What to work on: From the entries below, reproduce exactly the line containing "Doble Gasa Infantil Ninfa Azul 2", the line containing "IKEA White Square Side Table - photo 3", and every line in between, with nothing added.

Exercise material:
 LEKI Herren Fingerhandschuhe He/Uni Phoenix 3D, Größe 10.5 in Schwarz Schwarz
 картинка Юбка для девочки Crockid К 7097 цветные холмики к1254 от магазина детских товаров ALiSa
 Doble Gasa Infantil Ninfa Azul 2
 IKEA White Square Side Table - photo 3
--
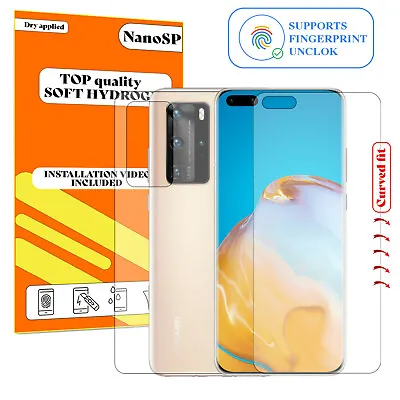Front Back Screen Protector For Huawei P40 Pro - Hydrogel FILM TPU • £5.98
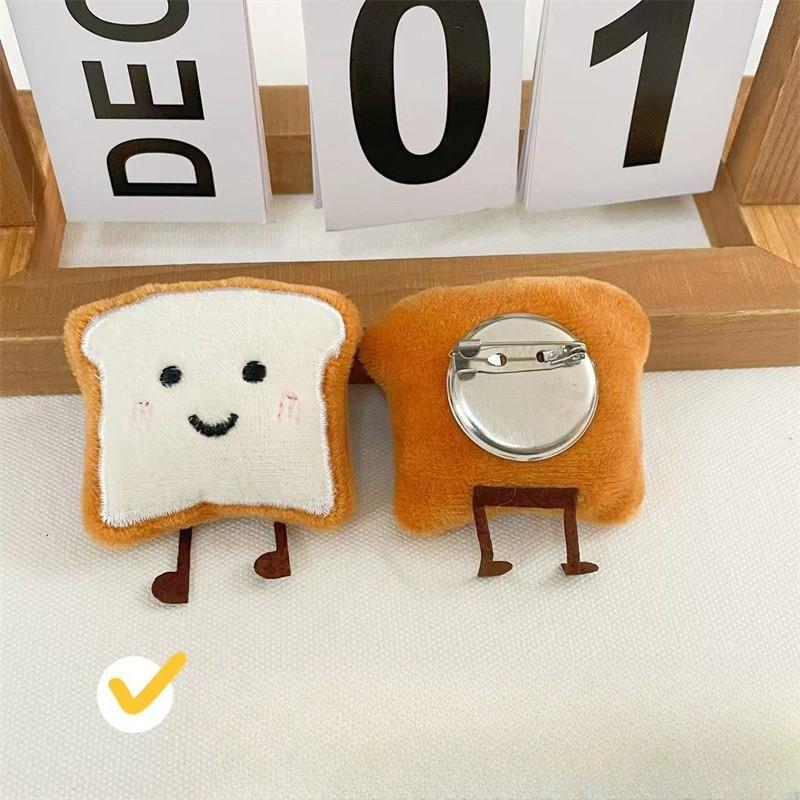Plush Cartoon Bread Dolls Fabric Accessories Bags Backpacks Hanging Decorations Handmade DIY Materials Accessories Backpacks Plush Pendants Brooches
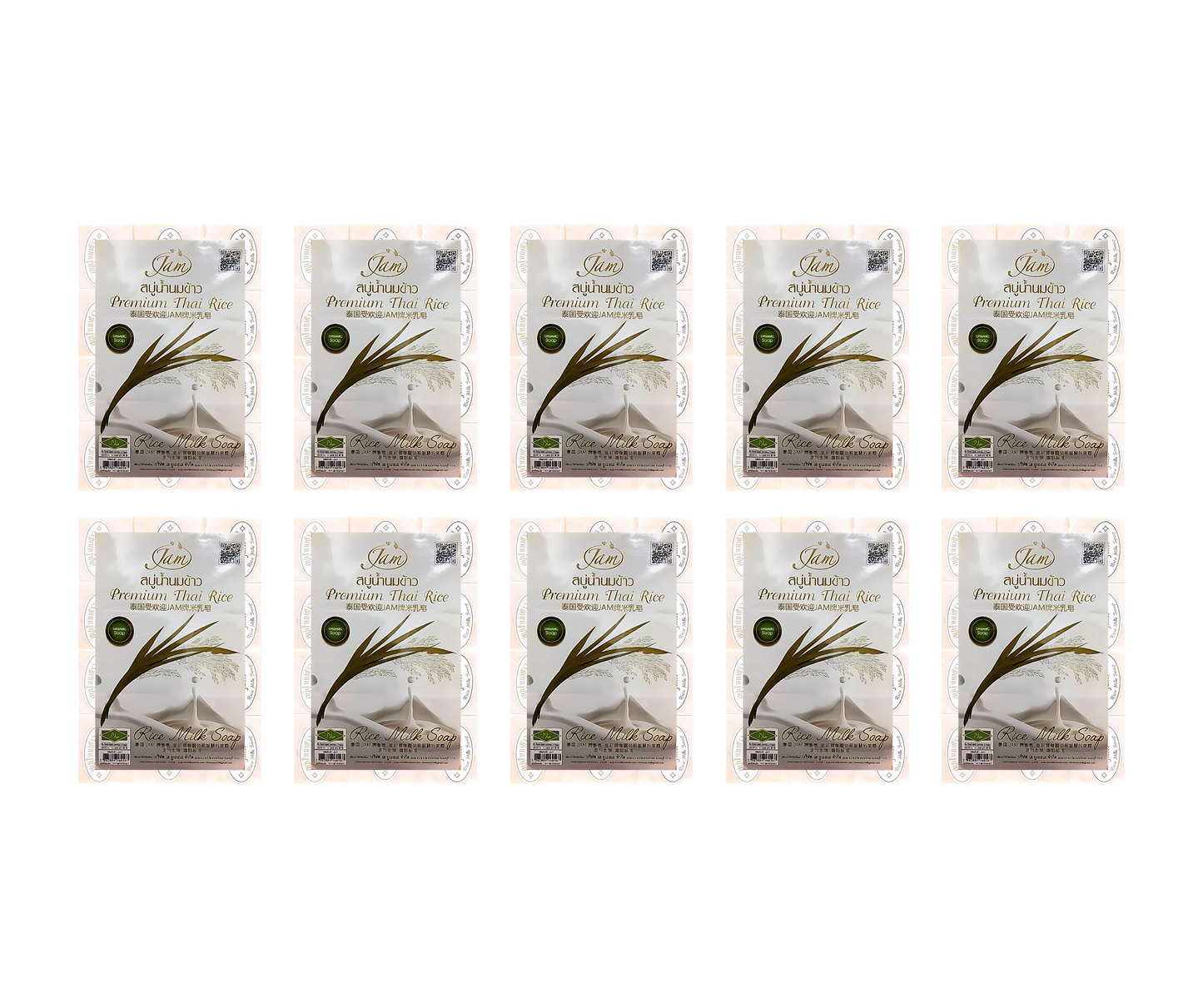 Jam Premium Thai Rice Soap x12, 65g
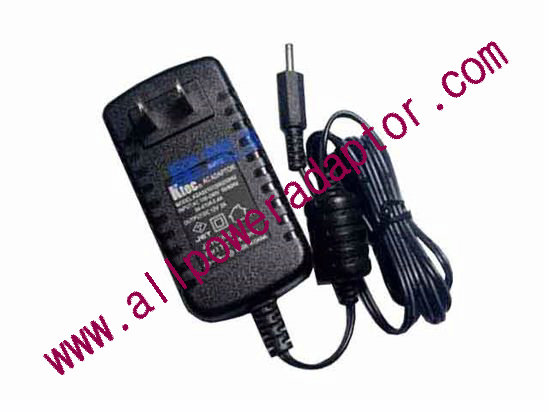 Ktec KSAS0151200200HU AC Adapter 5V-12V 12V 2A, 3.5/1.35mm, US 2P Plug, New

Exercise output:
 Doble Gasa Infantil Ninfa Azul 2
 IKEA White Square Side Table - photo 3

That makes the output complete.